== What you have to do ==
Down to the last line, set down the material below exactly, excluding pictures.

== Raw data ==
::::

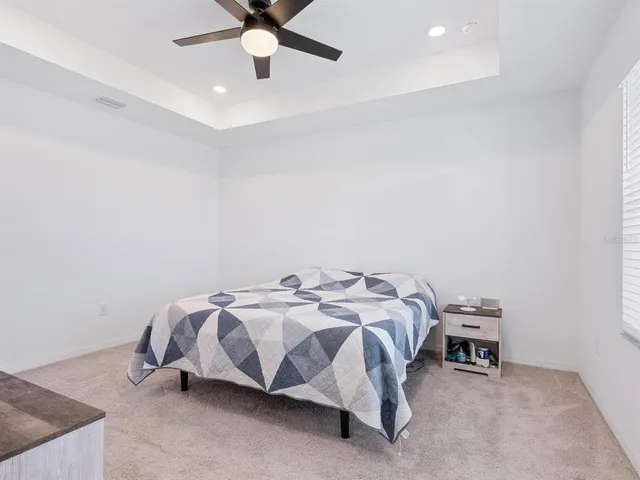 a bedroom with a bed and a dresser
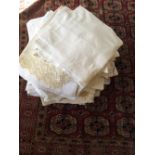 Large quantity of embroidered and crochetwork table cloths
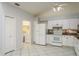 Bright kitchen features white cabinetry, tile floors, and a modern refrigerator at 2991 Covewood Pl, Clearwater, FL 33761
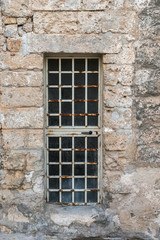 Fototapeta na wymiar A metal door - a lattice in a stone wall of a building.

::::

== Solution ==
 a bedroom with a bed and a dresser
 Large quantity of embroidered and crochetwork table cloths
 Bright kitchen features white cabinetry, tile floors, and a modern refrigerator at 2991 Covewood Pl, Clearwater, FL 33761
 Fototapeta na wymiar A metal door - a lattice in a stone wall of a building.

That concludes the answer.